A SEARCH that involved the use of a helicopter was launched in the Etosha National Park for an elephant calf that was seen with a wire snare deeply embedded in its flesh.
The spokesperson of the Ministry of Environment, Forestry and Tourism, Romeo Muyunda, said officials were alerted to the plight of the injured calf earlier on Monday.
He added that the officials made use of a helicopter to look for the injured and distressed animal, but did not find the specific calf during their search.
“Our officials in the Etosha National Park received the report of the elephant calf with a wire snare around its leg calf on Monday and upon further investigation found that the animal was photographed by a visitor to the park on Saturday already. This means that the herd has moved away from the place where the distressed calf was last seen and makes the search much more difficult,” he said.

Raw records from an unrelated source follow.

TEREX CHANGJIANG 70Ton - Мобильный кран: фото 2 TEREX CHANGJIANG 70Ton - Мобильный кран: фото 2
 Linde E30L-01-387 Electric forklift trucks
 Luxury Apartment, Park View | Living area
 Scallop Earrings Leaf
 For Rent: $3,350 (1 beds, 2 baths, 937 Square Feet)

Muyunda said that a team of officials, led by a veterinarian, was dispatched with a helicopter and flew over the area where the injured animal was last seen.
According to Muyunda, the team flew over three elephant herds to find the calf with what seems like a wire snare around its leg.

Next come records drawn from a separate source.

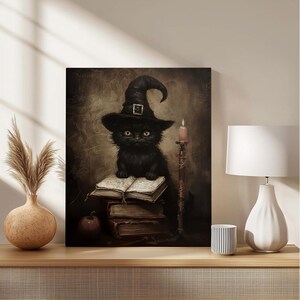 Hexenkatzen Wandkunst - Gothic schwarze Katze Druck mit Zauberbüchern und Kerze, Halloween Witchy Dekor, Dark Academia Tier Poster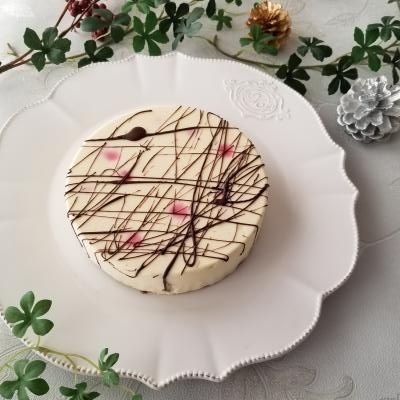 ホワイトチョコのムースケーキ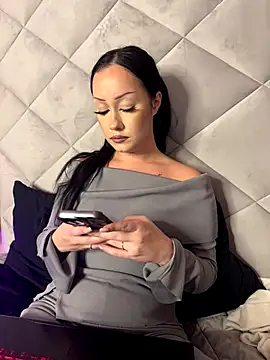 RollingGirls's Stripchat show and profile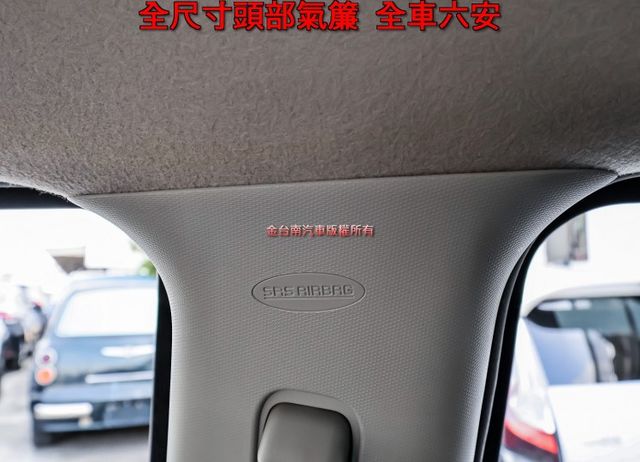 原裝進口 GLX旗艦版 只跑7.3萬 車況超好 iKEY 恆溫 定速 安卓影音 全車六安 可全貸 不用殺價就很便宜!  第19張相片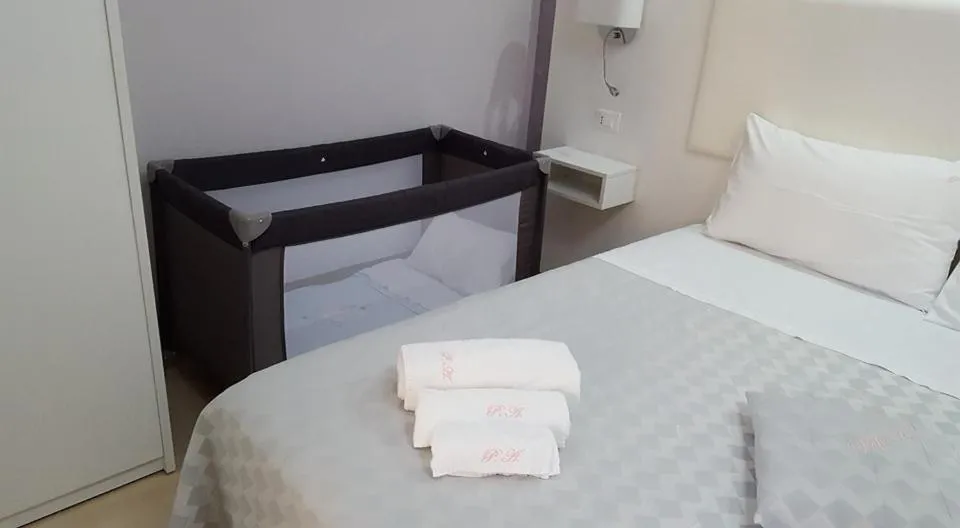 cot, Bed in Pepe'Accommodation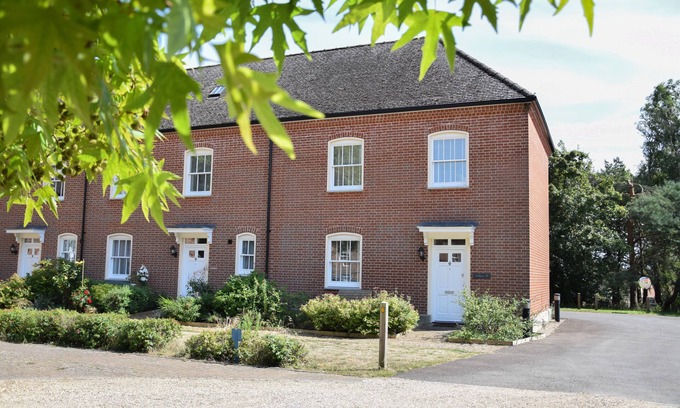 Blythburgh Cottage | Family-Friendly Stay at The Gallery with Pool in Blythburgh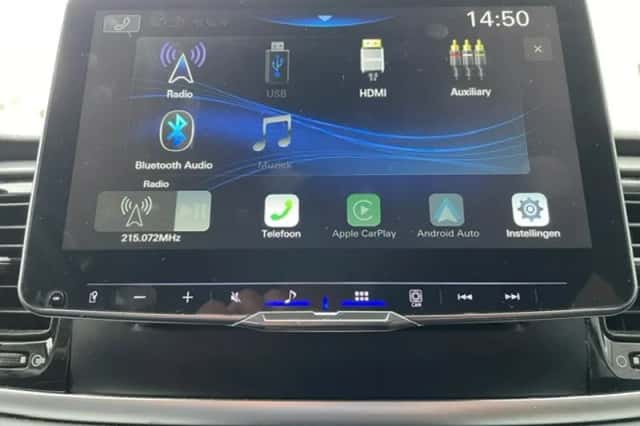 Kia Rio (2017) thumbnail 3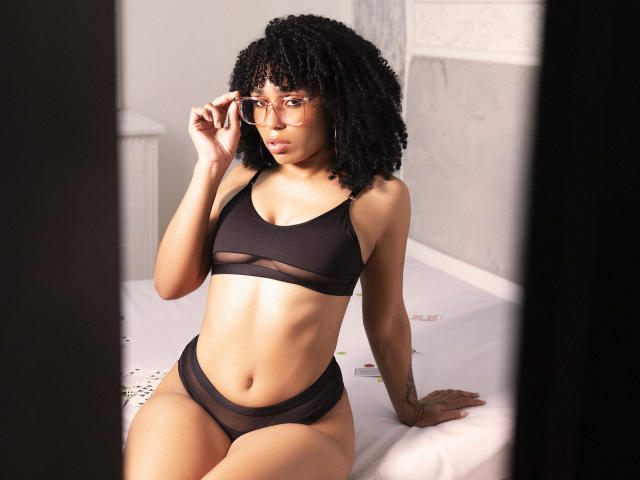 MacarenaWalker - Camera khiêu dâm &amp; quyến rũ trực tiếp - 13691812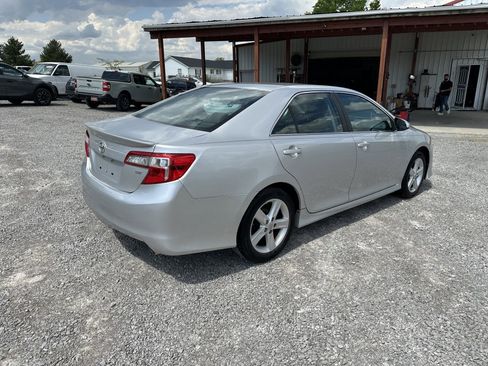 Used 2014 Toyota Camry SE image 5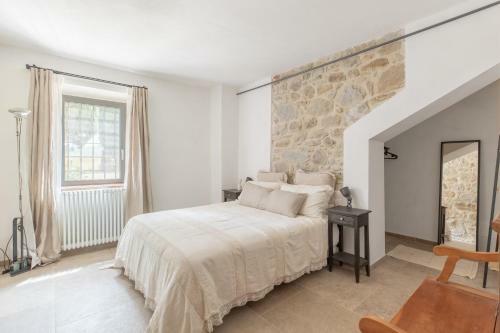 Iflat Stones & Grass Villa With Jacuzzi Neartodi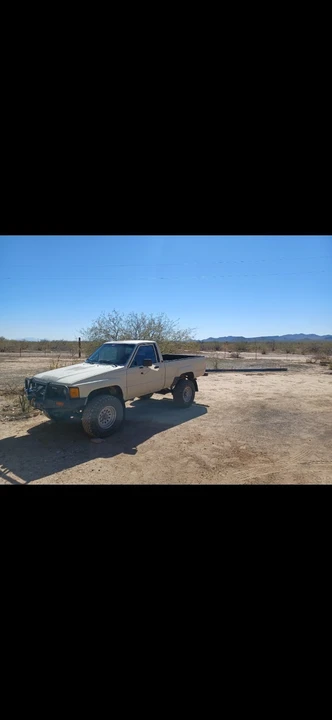 1986 Toyota Hilux 4th Gen - Image 8 of 15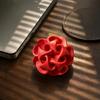 Dekorace na stůl s jemným řemeslným zpracováním 3D tištěná geometrická dutá koule, Abstraktní zkroucená květina Personalizované dekorativní dárky Koule Ornament,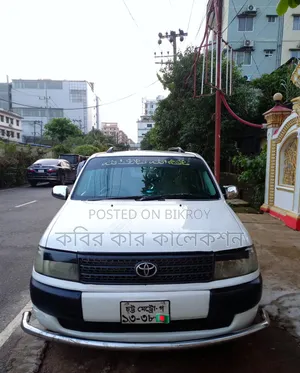 টয়োটা প্রবক্স ২০১১ হোয়াইট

The team however, did not have any success.
“One calf was observed limping with scratches on its leg but it did not have the wire around its leg. We suspect that the wire might have fallen off. We are, however, still on a look out in case we may have missed the actual injured calf,” he said.
Muyunda urged visitors to the national park that come across the injured elephant calf to contact the game warden’s office in Etosha at 067 229 854.
He said that when people observe an injured animal they should report such incidents to the MEFT officials without delay in order for officials to attend to the problem in a timely fashion.
According to Muyunda, visitors to the park also reported an injured rhino to MEFT officials in the park over the weekend.
In this case, the veterinarian was able to respond quickly to treat the injured animal.
Muyunda mentioned that the rhino was dehorned in the process to protect it from poachers.